Below are entries. Copy exactly the lines running from the line that holds "City Express By Marriott Playa Del Carmen-2" to the line that holds "NAME IT Mädchen Nmfvigga Spencer Dress", with both ends included.

== RECORDS FOR THE EXERCISE ==

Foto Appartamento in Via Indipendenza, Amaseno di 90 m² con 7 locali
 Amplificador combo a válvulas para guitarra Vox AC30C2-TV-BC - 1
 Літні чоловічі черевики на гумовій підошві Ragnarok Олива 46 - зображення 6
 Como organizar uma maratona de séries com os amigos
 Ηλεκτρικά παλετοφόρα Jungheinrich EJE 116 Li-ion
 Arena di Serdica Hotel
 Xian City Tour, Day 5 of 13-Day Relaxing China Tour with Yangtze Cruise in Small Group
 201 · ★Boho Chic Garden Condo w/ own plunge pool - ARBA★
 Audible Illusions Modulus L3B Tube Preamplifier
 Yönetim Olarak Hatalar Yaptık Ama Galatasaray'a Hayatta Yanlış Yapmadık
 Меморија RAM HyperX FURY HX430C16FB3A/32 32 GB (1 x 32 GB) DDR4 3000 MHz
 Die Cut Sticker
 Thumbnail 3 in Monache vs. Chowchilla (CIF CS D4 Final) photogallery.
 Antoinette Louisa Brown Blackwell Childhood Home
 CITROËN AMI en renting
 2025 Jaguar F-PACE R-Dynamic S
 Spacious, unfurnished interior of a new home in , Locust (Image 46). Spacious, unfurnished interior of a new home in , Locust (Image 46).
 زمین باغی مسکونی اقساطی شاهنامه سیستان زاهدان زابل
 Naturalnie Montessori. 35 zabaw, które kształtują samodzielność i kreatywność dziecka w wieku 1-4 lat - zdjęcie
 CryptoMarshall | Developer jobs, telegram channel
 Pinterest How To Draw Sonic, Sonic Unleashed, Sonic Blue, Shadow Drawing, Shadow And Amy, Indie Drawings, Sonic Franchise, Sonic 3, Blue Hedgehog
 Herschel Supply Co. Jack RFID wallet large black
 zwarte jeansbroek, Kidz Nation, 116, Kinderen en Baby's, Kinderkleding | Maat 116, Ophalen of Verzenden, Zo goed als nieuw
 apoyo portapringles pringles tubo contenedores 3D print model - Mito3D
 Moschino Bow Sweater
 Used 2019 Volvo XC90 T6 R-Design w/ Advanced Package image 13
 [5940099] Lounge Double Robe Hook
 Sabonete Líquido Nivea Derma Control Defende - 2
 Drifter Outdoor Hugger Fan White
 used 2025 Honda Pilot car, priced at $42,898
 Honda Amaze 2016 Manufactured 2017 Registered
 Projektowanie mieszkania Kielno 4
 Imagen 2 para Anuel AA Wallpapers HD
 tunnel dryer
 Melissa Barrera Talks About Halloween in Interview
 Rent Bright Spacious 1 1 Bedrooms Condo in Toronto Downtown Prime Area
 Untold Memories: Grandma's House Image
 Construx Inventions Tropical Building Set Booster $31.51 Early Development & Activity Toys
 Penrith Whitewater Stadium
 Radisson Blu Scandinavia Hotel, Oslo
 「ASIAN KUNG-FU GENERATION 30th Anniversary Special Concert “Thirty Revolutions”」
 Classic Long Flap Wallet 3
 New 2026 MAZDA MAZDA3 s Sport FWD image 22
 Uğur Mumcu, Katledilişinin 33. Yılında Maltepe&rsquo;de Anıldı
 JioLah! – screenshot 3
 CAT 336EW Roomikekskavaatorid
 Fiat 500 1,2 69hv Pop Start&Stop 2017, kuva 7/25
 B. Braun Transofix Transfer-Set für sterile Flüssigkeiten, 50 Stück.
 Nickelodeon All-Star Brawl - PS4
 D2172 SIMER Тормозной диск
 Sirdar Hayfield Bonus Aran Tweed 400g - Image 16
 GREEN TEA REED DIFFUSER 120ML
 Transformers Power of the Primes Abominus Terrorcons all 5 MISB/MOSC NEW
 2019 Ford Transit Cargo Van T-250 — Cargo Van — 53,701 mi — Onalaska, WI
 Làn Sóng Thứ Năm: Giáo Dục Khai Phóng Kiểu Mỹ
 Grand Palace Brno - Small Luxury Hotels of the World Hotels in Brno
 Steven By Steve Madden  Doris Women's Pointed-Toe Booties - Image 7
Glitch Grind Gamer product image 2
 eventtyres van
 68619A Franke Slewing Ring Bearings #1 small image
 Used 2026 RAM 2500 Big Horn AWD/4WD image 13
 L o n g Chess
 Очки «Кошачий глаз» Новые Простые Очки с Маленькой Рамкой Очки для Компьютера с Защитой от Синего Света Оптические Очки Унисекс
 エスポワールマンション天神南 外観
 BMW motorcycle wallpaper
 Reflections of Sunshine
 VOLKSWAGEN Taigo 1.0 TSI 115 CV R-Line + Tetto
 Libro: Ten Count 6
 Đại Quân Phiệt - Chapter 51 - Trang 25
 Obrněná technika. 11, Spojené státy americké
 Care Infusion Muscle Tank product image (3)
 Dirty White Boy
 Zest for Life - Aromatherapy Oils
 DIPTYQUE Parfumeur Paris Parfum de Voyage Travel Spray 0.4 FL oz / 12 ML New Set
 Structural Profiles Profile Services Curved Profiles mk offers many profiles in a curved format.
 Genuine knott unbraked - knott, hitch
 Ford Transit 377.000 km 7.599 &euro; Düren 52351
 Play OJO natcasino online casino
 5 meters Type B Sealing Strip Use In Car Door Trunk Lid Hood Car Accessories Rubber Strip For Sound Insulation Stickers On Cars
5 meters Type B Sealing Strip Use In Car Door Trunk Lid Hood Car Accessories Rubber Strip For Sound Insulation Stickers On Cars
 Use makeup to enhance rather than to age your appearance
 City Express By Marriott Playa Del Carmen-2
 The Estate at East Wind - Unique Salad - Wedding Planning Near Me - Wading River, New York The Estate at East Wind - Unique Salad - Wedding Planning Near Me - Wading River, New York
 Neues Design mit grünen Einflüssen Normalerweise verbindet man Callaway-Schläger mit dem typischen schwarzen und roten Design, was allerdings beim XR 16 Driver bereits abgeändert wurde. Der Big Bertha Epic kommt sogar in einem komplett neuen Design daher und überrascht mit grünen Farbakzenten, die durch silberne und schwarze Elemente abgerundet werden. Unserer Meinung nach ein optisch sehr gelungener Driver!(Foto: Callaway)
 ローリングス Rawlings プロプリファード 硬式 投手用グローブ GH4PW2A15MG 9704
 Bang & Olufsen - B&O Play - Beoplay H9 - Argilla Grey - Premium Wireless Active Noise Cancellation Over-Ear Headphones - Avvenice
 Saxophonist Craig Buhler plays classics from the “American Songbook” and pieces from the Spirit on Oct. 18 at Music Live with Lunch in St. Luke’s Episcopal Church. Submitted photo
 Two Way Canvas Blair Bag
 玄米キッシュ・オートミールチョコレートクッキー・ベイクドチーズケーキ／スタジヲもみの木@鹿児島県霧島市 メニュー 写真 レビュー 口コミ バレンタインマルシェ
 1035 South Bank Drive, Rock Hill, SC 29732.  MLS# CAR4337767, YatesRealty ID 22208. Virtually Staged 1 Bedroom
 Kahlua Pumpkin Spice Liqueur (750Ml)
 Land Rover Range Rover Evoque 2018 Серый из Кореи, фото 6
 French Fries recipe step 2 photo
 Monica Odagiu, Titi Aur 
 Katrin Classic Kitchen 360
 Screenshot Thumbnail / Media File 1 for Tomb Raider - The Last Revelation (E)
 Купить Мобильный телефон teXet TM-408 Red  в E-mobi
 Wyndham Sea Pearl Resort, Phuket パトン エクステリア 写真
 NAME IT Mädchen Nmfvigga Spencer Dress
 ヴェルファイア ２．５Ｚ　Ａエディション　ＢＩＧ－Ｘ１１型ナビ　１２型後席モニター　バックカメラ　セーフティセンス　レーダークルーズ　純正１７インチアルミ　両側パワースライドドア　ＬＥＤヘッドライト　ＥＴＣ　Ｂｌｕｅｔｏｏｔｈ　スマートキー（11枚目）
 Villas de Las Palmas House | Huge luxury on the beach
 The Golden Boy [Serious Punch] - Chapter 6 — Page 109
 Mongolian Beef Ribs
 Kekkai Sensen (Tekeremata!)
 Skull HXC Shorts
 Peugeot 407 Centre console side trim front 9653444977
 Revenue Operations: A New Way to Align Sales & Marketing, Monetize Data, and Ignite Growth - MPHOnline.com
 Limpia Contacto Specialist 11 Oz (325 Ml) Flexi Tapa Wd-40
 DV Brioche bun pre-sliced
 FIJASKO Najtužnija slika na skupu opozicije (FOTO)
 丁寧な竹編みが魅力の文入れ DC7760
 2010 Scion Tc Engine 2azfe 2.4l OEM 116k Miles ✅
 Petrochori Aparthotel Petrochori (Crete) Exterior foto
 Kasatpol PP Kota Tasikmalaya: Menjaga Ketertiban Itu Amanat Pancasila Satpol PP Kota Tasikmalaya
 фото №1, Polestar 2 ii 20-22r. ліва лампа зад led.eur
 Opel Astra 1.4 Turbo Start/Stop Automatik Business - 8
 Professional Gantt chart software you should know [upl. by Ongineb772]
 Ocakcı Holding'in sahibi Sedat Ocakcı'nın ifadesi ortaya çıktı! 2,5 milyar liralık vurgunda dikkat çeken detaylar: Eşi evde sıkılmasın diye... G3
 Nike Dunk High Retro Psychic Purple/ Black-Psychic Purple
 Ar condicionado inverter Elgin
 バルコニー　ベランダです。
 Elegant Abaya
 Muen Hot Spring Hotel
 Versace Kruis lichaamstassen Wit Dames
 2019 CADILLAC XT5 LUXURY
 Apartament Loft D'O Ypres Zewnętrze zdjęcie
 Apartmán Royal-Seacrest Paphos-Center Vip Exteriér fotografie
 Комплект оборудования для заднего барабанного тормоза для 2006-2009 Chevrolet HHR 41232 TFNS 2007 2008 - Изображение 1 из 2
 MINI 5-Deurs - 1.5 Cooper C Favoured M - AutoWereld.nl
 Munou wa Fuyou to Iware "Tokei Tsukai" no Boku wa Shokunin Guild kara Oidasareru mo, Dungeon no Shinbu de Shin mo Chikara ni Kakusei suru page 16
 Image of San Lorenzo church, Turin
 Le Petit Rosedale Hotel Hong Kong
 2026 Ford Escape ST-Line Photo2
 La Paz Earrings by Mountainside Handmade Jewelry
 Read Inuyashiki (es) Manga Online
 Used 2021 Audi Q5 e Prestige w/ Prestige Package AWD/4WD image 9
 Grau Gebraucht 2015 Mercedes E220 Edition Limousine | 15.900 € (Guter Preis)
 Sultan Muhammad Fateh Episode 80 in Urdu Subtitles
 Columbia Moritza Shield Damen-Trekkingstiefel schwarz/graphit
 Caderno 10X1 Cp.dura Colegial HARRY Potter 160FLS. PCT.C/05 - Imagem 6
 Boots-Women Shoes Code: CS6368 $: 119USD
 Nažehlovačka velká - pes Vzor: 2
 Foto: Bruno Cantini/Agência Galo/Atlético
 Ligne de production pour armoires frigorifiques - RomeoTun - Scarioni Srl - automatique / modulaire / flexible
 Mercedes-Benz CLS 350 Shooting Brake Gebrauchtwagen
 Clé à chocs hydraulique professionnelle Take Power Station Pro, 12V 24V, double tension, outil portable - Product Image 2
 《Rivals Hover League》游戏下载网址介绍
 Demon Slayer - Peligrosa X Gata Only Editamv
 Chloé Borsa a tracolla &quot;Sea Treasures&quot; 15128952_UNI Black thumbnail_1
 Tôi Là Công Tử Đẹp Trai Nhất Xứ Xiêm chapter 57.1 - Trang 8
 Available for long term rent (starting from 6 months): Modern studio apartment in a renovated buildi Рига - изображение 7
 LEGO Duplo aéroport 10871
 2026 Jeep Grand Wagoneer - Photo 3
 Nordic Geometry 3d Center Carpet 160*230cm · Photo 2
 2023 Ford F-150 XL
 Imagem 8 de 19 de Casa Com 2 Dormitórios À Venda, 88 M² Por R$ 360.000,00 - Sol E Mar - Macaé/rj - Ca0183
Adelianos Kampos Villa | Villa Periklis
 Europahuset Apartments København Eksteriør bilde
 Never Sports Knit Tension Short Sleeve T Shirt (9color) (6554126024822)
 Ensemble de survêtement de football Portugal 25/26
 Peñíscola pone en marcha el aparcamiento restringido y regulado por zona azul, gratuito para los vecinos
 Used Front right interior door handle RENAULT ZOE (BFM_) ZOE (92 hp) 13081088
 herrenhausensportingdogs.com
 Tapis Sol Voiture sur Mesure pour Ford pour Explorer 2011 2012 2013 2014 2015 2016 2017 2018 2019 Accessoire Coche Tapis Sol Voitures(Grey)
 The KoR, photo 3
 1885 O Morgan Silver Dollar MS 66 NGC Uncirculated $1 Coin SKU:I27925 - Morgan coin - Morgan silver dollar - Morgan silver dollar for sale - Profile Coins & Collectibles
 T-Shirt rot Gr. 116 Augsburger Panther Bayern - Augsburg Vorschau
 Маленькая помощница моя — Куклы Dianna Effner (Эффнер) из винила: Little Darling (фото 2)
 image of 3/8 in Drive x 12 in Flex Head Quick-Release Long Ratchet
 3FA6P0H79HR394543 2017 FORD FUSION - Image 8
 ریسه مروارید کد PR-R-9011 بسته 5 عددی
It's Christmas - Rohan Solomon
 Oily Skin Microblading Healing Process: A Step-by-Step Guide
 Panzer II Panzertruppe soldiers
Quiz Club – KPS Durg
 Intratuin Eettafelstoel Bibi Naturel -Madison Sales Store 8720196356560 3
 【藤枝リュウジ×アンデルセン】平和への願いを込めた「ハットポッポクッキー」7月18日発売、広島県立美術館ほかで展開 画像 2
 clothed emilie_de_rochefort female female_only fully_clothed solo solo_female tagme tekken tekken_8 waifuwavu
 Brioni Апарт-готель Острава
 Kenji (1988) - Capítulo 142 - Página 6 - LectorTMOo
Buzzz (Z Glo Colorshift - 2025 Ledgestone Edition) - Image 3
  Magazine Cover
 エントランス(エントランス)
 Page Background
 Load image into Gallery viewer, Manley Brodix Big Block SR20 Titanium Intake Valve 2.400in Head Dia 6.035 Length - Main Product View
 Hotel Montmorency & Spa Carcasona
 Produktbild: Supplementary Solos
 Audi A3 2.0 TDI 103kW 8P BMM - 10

===

ANSWER SPACE »
 City Express By Marriott Playa Del Carmen-2
 The Estate at East Wind - Unique Salad - Wedding Planning Near Me - Wading River, New York The Estate at East Wind - Unique Salad - Wedding Planning Near Me - Wading River, New York
 Neues Design mit grünen Einflüssen Normalerweise verbindet man Callaway-Schläger mit dem typischen schwarzen und roten Design, was allerdings beim XR 16 Driver bereits abgeändert wurde. Der Big Bertha Epic kommt sogar in einem komplett neuen Design daher und überrascht mit grünen Farbakzenten, die durch silberne und schwarze Elemente abgerundet werden. Unserer Meinung nach ein optisch sehr gelungener Driver!(Foto: Callaway)
 ローリングス Rawlings プロプリファード 硬式 投手用グローブ GH4PW2A15MG 9704
 Bang & Olufsen - B&O Play - Beoplay H9 - Argilla Grey - Premium Wireless Active Noise Cancellation Over-Ear Headphones - Avvenice
 Saxophonist Craig Buhler plays classics from the “American Songbook” and pieces from the Spirit on Oct. 18 at Music Live with Lunch in St. Luke’s Episcopal Church. Submitted photo
 Two Way Canvas Blair Bag
 玄米キッシュ・オートミールチョコレートクッキー・ベイクドチーズケーキ／スタジヲもみの木@鹿児島県霧島市 メニュー 写真 レビュー 口コミ バレンタインマルシェ
 1035 South Bank Drive, Rock Hill, SC 29732.  MLS# CAR4337767, YatesRealty ID 22208. Virtually Staged 1 Bedroom
 Kahlua Pumpkin Spice Liqueur (750Ml)
 Land Rover Range Rover Evoque 2018 Серый из Кореи, фото 6
 French Fries recipe step 2 photo
 Monica Odagiu, Titi Aur 
 Katrin Classic Kitchen 360
 Screenshot Thumbnail / Media File 1 for Tomb Raider - The Last Revelation (E)
 Купить Мобильный телефон teXet TM-408 Red  в E-mobi
 Wyndham Sea Pearl Resort, Phuket パトン エクステリア 写真
 NAME IT Mädchen Nmfvigga Spencer Dress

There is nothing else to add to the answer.